27 June по старому стилю / 10 July New Style

Memori Santo Severus

Di negara Tudor [Tempat ini berada di Italia tengah, di provinsi Valeria, antara gunung Reate dan Ameterium.] antara dua gunung, di lembah yang disebut Interroclea, ada gereja Penguasa Suci Bunda Maria dan Perawan Maria.

(Dan ada seorang laki-laki yang sakit dan hampir mati di negeri itu, lalu dia mengirim utusan kepadanya untuk meminta agar dia segera datang kepadanya dan memaafkan dosa-dosa yang telah dilakukannya sebelum ia mati.)
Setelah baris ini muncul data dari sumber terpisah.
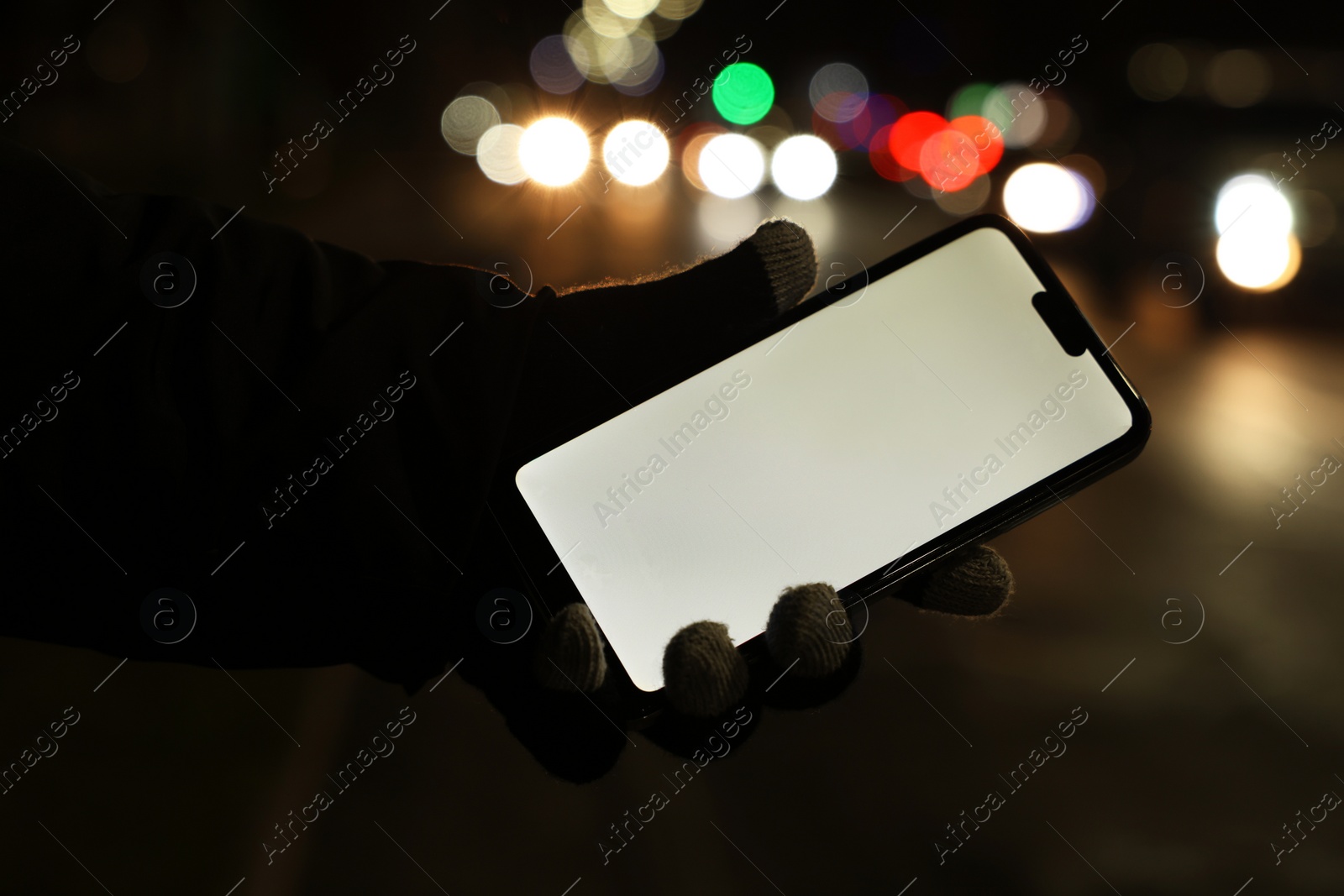 Photo of Man holding smartphone on night city street, closeup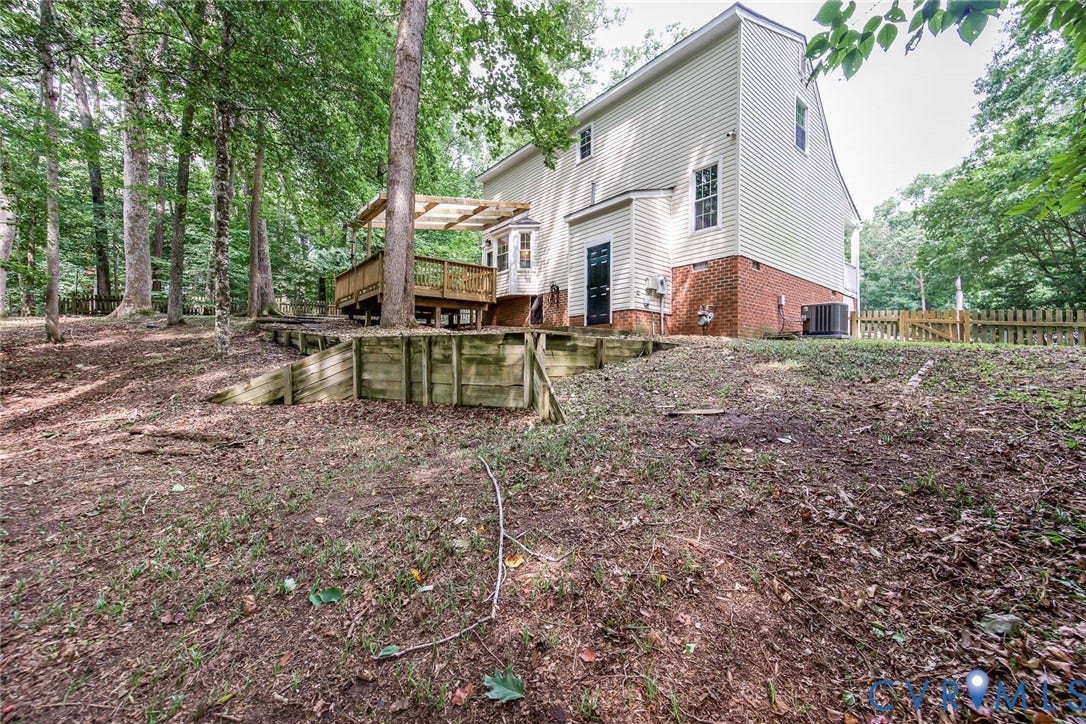 14001 Branched Antler Drive, Antler Ridge, Midlothian, VA 23112 Multi-level wood deck with a partial covering, bay window, and a brick foundation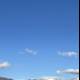 Kite soaring over picturesque Santa Fe hill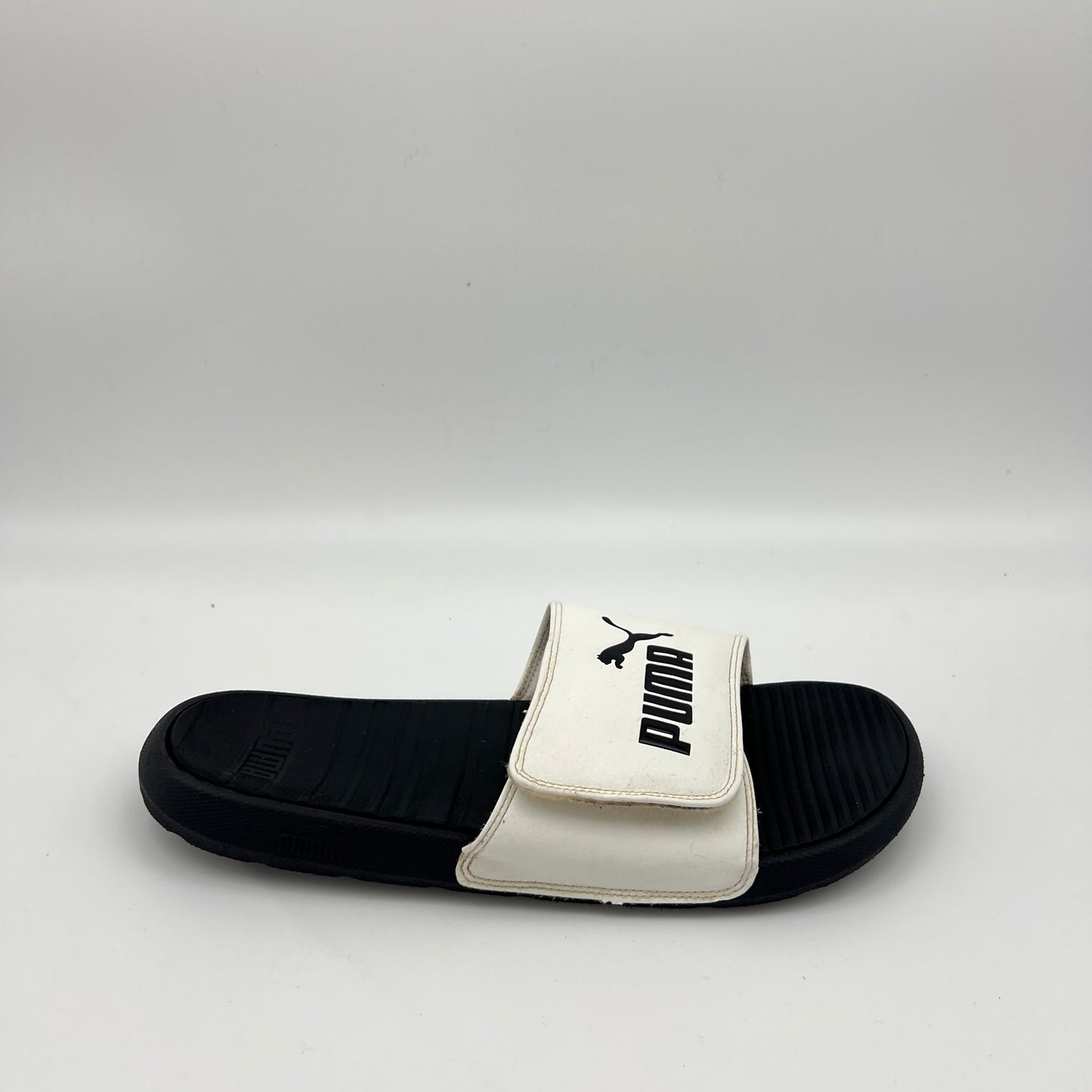 Side view of PUMA Men’s Cool Cat V Sport slide sandal in white and black.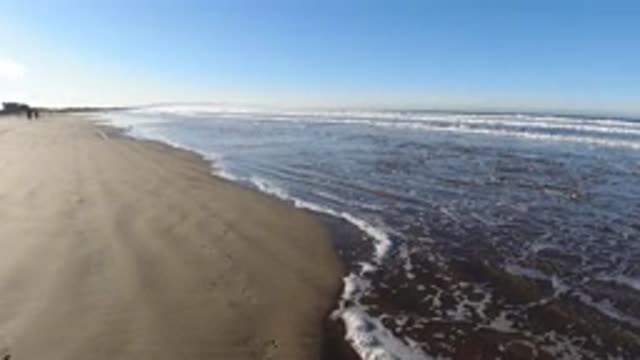 PISMO BEACH CALIFORNIA-2019: People Running On Beach In The Distance At Low Tide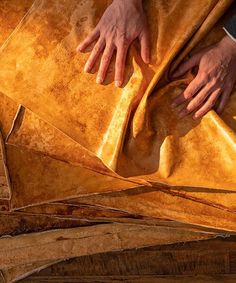 two hands on top of a large piece of yellow paper that has been folded over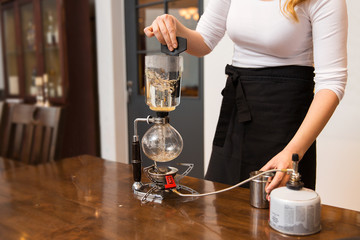 close up of woman with siphon coffee maker and pot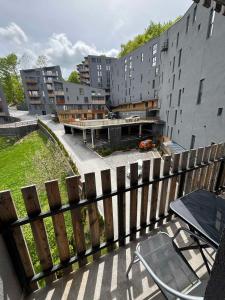 a balcony with a fence next to a building at NINA LUX Apartment in Mavrovo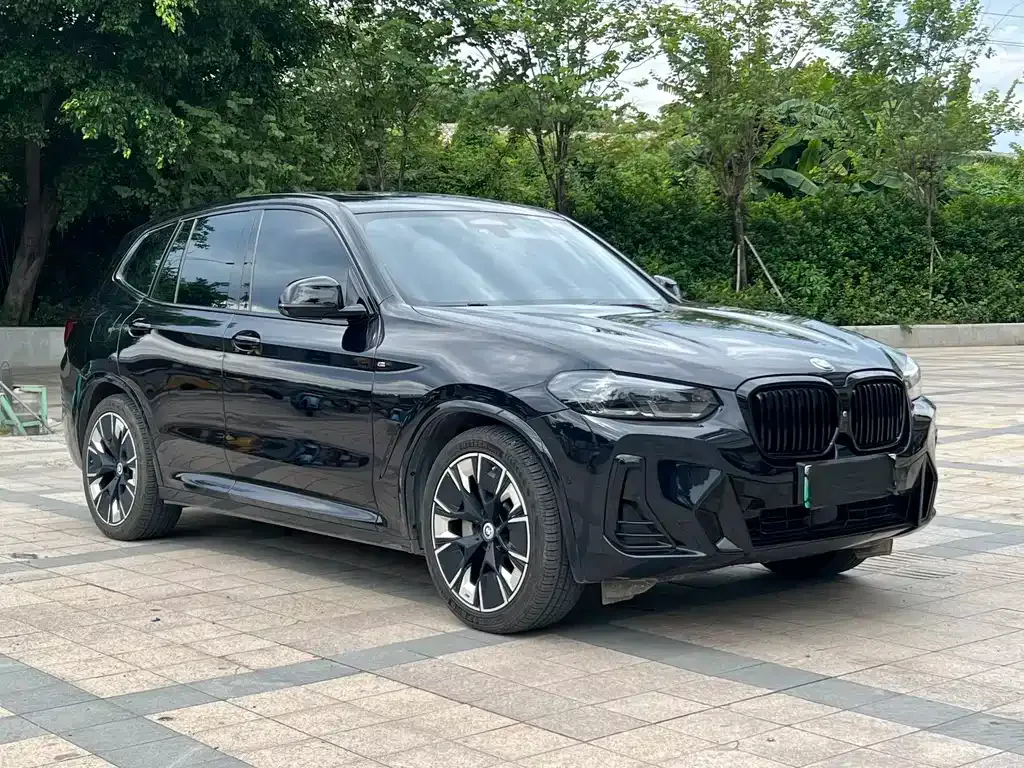 BMW iX3 — фото 8
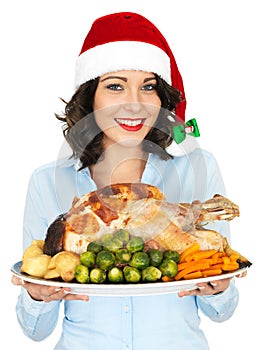 Young Woman in Santa Hat Holding Roast Turkey and Vegetables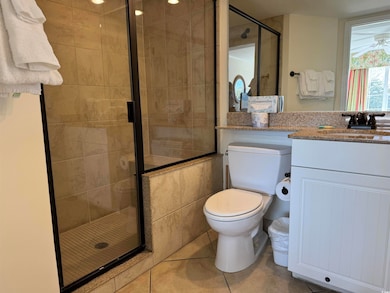Full bath featuring vanity, a shower stall, toilet
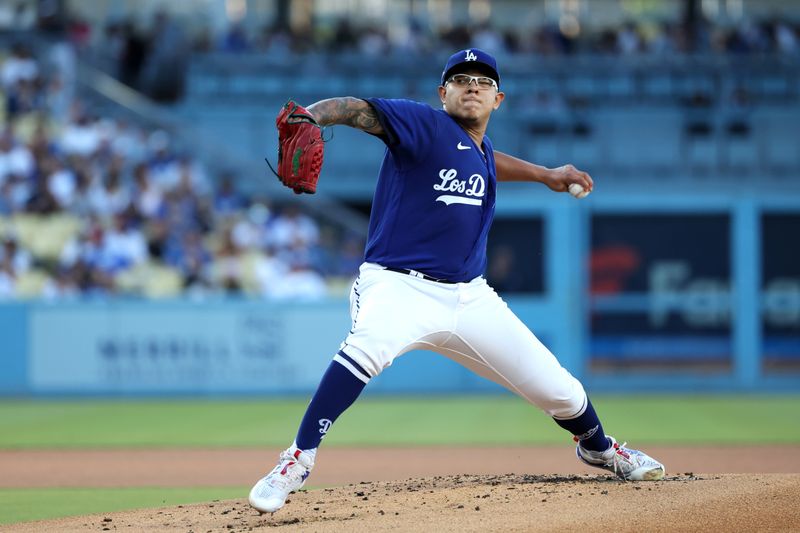 Aug 3, 2023; Los Angeles, California, USA;  Los Angeles Dodgers starting pitcher Julio Urias (7) pitches during the first inning against the Oakland Athletics at Dodger Stadium. Mandatory Credit: Kiyoshi Mio-USA TODAY Sports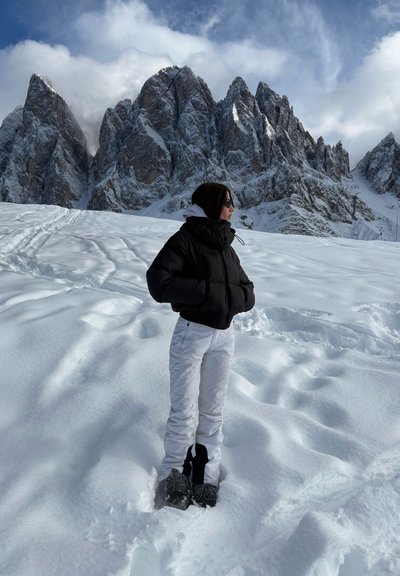 Persona con chaqueta negra y pantalones blancos de pie sobre la nieve con picos montañosos rocosos al fondo bajo un cielo nublado.
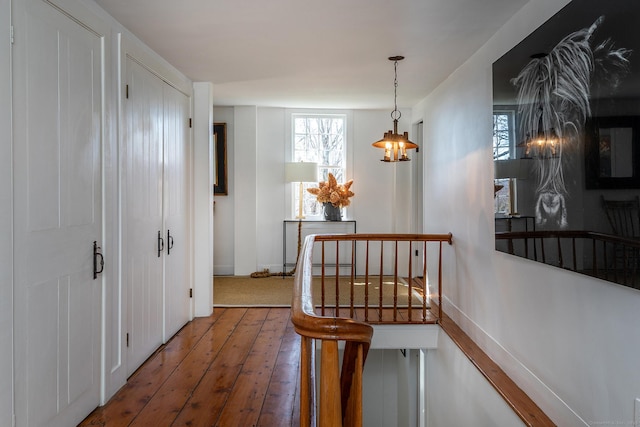 hallway featuring baseboards, an upstairs landing, and hardwood / wood-style floors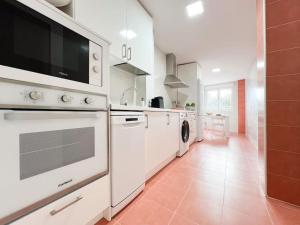 Dapur atau dapur kecil di Apartamentos Gredos 204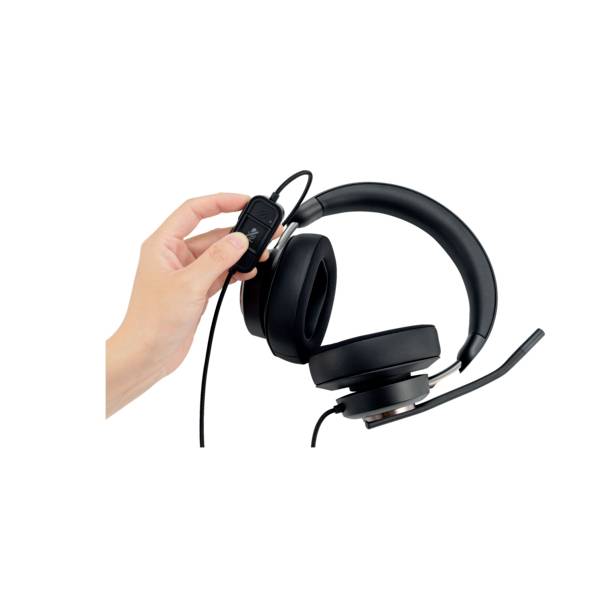 A hand is holding a black headset with a microphone; suitable for computer or online communication.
Tetapi setelah melihat bahwa masih banyak yang tersisa, dia ingin menunggu untuk mengumpulkan yang tersisa. Setelah selesai, dia pergi ke rumah sakit. Di jalan, orang-orang yang pernah berada di rumah sakit itu bertemu dengannya dan berkata kepadanya, 'Pak, mengapa Anda menunda? Jangan bekerja lagi, karena anak itu sudah mati.' Ketika mendengar ini, kepala sekolah gemetar karena ketakutan dan mulai menangis sedih, menyebut dirinya seorang pembunuh yang sudah mati.

Ketika ia sampai di rumah, ia jatuh ke tanah di depan makam dan menangis, dan memukul kepalanya di depan semua orang yang ada di sana, dan mengatakan bahwa dia telah mati.

"Di mana kau berada? Dan bagaimana jiwamu, yang terpisah dari tubuh, kembali ke dalamnya?" Dia menjawab, "Beberapa orang Etiopia, sangat menakutkan dan sombong, dari hidung dan telinga mereka keluar api, mengambil saya dan membawa saya ke tempat-tempat yang gelap, penuh ketakutan dan gemetar.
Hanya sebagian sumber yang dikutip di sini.